Dive Brief:
- Facebook is completely closing down its FBX ad exchange on Nov. 1, in a move that has been widely expected by the digital advertising industry.
- The ad exchange retargeted audiences on non-Facebook websites, but only worked on Facebook’s desktop site. As mobile has become the main driver of its ad revenue, accounting for 82% of Q1 revenue, the decision comes as no surprise.
- Another knock against the outgoing exchange is it didn’t support video ads, another key ad unit for the social giant.
Dive Insight:
Facebook has been fairly aggressively reworking its advertising options in order to offer both end users and marketers the best value and experience. This move looks to be simply ending a low-value technology for everyone involved, including Facebook. The move is also a very strong indicator in the value Facebook is placing on mobile and video advertising.

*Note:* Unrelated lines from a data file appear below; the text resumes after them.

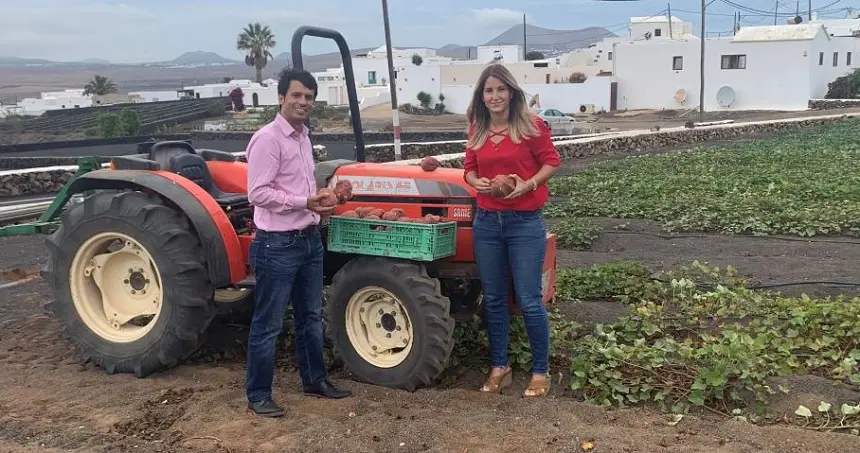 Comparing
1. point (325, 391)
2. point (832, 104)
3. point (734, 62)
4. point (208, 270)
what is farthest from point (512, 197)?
point (734, 62)

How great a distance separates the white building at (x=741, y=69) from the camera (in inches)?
1980

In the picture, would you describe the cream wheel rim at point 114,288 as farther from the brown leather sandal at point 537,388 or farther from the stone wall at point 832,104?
the stone wall at point 832,104

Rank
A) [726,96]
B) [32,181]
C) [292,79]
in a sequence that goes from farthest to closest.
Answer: [726,96] < [32,181] < [292,79]

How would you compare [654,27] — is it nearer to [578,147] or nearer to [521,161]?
[578,147]

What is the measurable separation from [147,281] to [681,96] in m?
52.4

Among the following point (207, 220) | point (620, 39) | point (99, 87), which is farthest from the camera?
point (99, 87)

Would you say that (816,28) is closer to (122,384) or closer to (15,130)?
(15,130)

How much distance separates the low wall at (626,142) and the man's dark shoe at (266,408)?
37.3ft

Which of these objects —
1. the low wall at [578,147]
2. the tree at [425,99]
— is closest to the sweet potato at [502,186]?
the low wall at [578,147]

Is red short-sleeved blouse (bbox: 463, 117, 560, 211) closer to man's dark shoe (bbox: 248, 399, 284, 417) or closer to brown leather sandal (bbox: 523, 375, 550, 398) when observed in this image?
brown leather sandal (bbox: 523, 375, 550, 398)

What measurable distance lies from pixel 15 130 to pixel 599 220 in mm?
44623

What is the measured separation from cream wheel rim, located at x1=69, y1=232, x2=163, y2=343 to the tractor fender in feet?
1.45

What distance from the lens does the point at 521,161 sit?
176 inches

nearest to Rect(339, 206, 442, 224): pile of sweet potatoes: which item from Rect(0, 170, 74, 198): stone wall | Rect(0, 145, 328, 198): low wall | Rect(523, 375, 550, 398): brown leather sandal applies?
Rect(523, 375, 550, 398): brown leather sandal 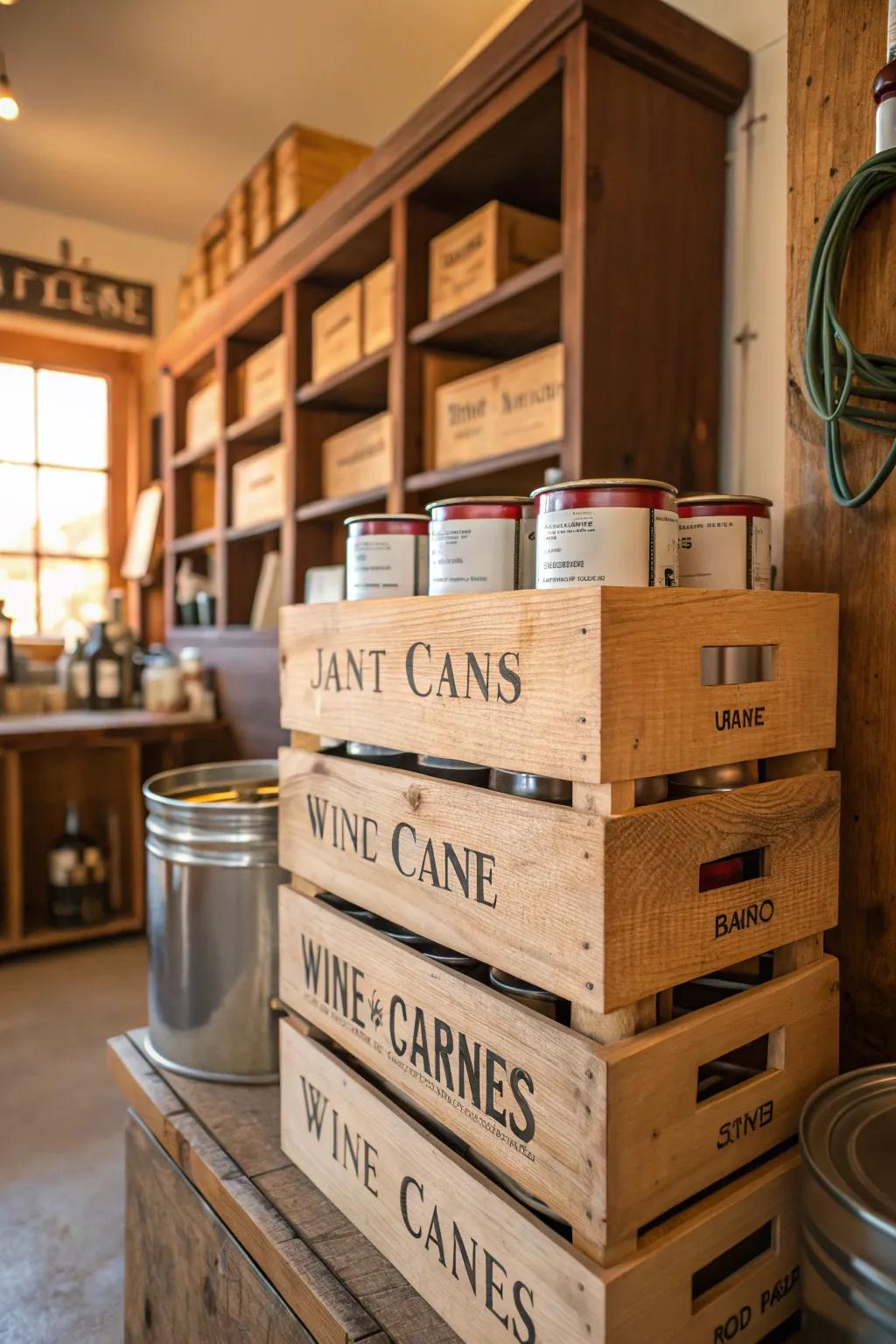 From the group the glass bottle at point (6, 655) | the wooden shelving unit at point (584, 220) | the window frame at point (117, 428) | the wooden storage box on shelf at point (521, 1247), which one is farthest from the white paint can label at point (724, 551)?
the window frame at point (117, 428)

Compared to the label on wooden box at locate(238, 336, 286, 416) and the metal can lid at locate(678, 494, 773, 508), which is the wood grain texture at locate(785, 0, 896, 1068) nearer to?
the metal can lid at locate(678, 494, 773, 508)

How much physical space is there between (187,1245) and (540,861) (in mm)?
709

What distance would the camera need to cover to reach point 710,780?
767mm

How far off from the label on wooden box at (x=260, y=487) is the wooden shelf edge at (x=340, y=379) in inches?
7.5

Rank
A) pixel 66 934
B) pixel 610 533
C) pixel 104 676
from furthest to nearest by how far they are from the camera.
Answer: pixel 104 676, pixel 66 934, pixel 610 533

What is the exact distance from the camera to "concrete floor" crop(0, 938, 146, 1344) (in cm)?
138

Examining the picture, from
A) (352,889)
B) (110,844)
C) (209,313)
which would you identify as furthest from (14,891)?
(352,889)

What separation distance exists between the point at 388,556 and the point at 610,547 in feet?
0.92

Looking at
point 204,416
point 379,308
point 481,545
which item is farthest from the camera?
point 204,416

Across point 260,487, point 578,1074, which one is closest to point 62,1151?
point 578,1074

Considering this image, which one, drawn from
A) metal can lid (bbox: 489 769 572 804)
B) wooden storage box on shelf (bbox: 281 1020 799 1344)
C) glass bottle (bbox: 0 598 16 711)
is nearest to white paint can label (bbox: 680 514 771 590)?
metal can lid (bbox: 489 769 572 804)

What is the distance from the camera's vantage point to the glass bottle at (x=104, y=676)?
3367mm

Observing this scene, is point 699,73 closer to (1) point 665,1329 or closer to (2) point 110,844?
(1) point 665,1329

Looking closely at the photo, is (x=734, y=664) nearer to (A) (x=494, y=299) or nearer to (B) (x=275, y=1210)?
(B) (x=275, y=1210) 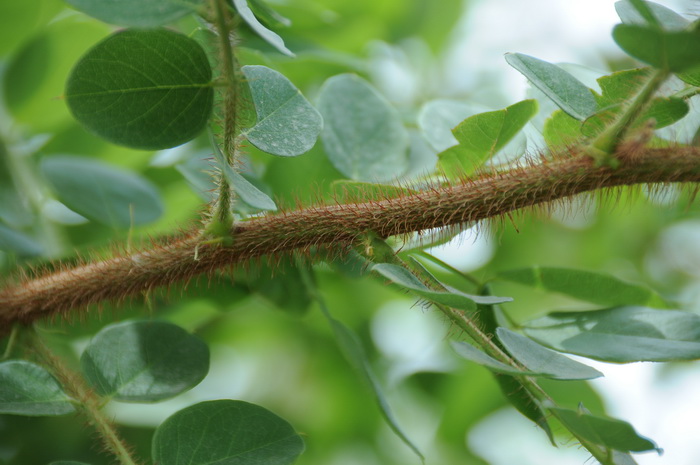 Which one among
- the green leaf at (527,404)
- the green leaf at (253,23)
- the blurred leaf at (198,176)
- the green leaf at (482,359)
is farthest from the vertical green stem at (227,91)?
the green leaf at (527,404)

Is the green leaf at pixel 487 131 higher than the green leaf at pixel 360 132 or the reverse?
higher

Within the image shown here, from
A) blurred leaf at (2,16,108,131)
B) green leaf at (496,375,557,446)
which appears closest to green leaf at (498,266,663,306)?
green leaf at (496,375,557,446)

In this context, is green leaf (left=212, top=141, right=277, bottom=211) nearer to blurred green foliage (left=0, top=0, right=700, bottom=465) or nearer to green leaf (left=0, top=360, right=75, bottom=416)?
blurred green foliage (left=0, top=0, right=700, bottom=465)

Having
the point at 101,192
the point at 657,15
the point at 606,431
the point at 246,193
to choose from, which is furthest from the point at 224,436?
the point at 657,15

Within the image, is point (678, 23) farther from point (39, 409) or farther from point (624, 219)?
point (624, 219)

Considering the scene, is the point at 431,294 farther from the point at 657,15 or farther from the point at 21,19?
the point at 21,19

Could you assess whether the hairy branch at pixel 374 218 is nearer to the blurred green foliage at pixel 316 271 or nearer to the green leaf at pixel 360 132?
the blurred green foliage at pixel 316 271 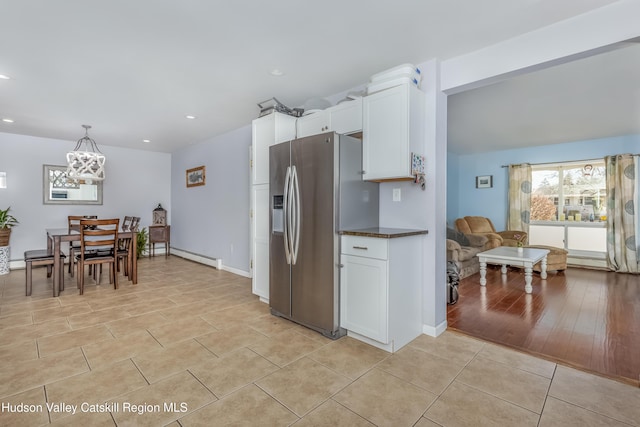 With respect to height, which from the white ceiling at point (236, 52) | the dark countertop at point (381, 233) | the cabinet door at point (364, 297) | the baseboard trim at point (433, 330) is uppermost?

One loser in the closing of FBX, according to reporting by Seeking Alpha, are some of the companies that worked through the exchange. For example, Criteo, a company that delivered retargeted e-commerce ads via FBX, saw its shares drop on the news of the exchange’s closure on Wednesday.
Meanwhile, Matt Idema, Facebook’s VP of product monetization, told Ad Exchanger, “FBX was built as a retargeting tool for desktop and, over the years, consumer use of Facebook has shifted more and more to mobile.”
Examples of Facebook’s emphasis on high-value advertising include its Dynamic Ads format, its slow shuttering of LiveRail capabilities, and internal research that led the social media giant to favor native and video ads over what it called "valueless" banner ads.